Cultivating Wisdom with CS Lewis
This course is designed for 9th–12th graders who want to dive deeply into C.S. Lewis’s more difficult writings. C.S. Lewis (1898–1963) is beloved today by Christians from all traditions due to his commitment to “mere Christianity” and his imaginative Christian engagement with culture through his fiction, essays, nonfiction works, poetry, and letters. Lewis was something of a “divine popularizer,” as he mined revelation and history for wisdom in order to make it accessible for contemporary audiences. Over half a century after his death, the Oxford educated writer, philosopher, and popular theologian still speaks through his many published works. If you would like to become more familiar with Lewis and his writings in order to grow in virtue and wisdom, this course is for you.

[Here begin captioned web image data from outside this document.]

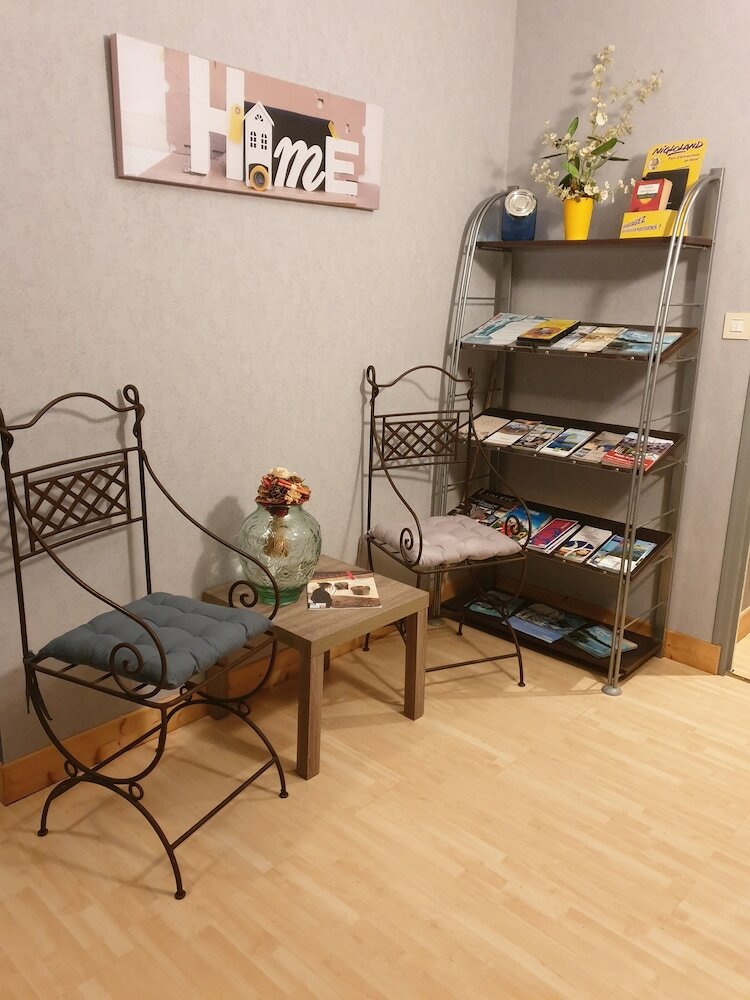Bed & Breakfast Au Fil Des Lacs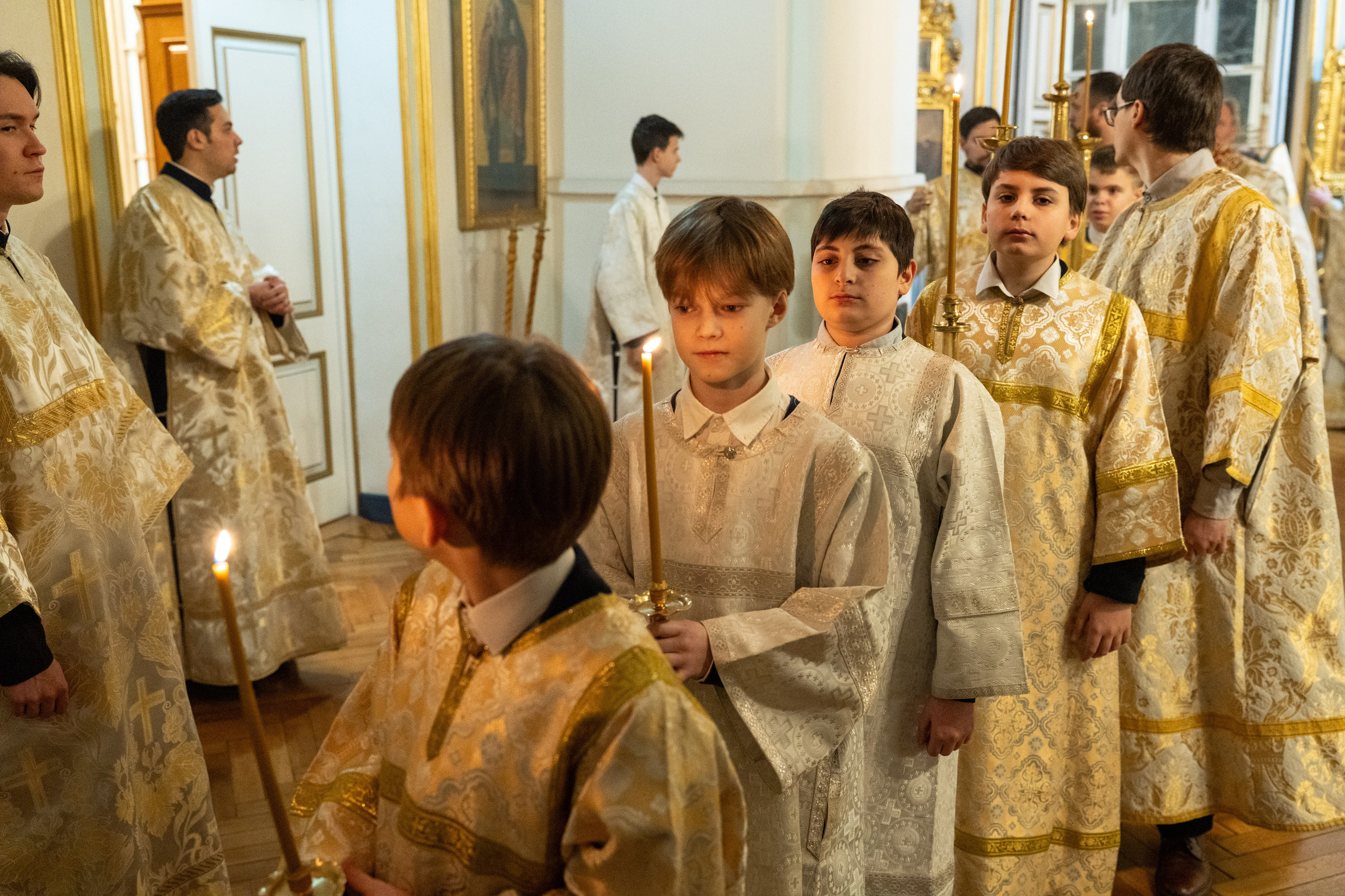 Рождество Господа Бога и Спаса нашего Иисуса Христа. НИКОЛО-БОГОЯВЛЕНСКИЙ МОРСКОЙ СОБОР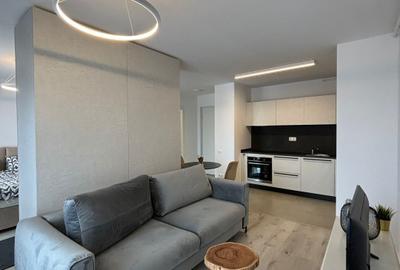 Garsonieră semidecomandată în Pipera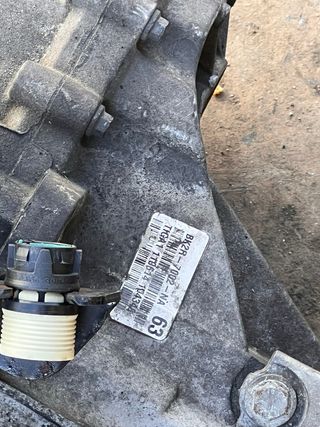 Caja Cambios Ford Transit 2.2 BK2R7002NA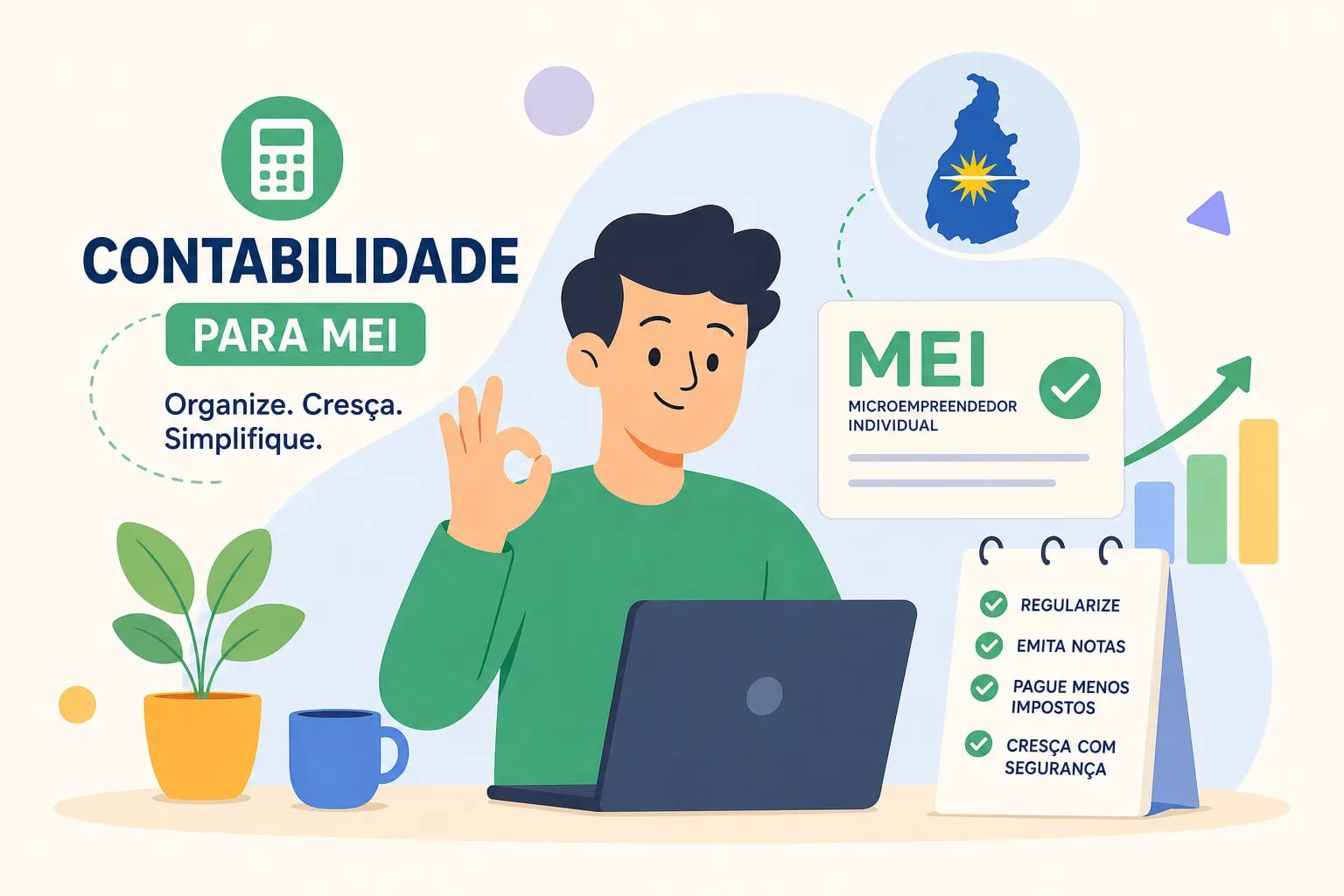 Contabilidade para MEI no Tocantins: o guia completo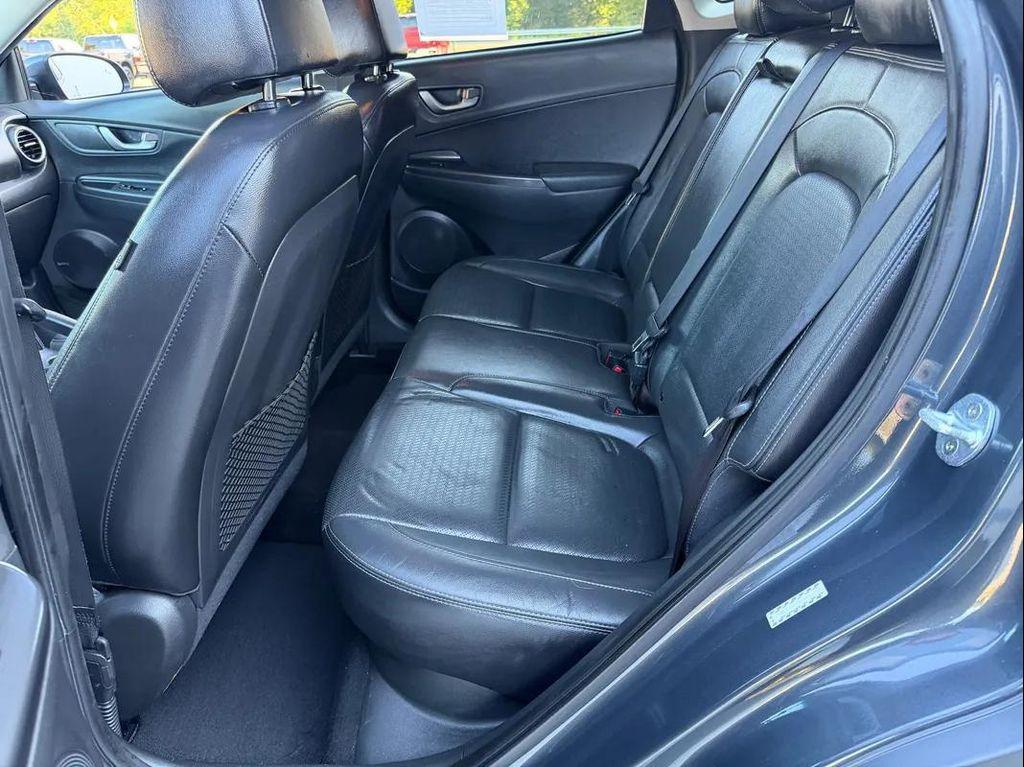 used 2018 Hyundai Kona car, priced at $11,450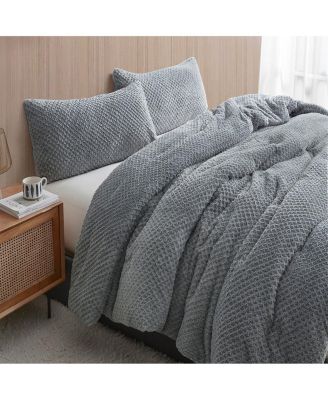 Justa Nother - Coma Inducer Oversized Comforter Set - Brazilian Sand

Students will be expected to read 30-50 pages per week and must be ready each week to engage in Socratic dialogue on the material read. Additionally, students will keep a notebook for “commonplacing” in order to write down impactful ideas from the reading and will be given two writing assignments and one discussion to lead over the course of the year.
- Develop a familiarity with Lewis the person via biographical works and personal letters
- Develop historical awareness by noting Lewis’s context in order to better understand his writings
- Grow in recognition and love for truth, beauty, and goodness through thoughtful engagement with Lewis’s writings
- Expand vocabulary to include the language of virtue toward the goal of moral formation
- Produce written works in the style of Lewis and present works to class
For each skill instructors have determined whether it is a prerequisite skill or a skill to be developed throughout the course. For lower school, instructors indicate where parent support is expected.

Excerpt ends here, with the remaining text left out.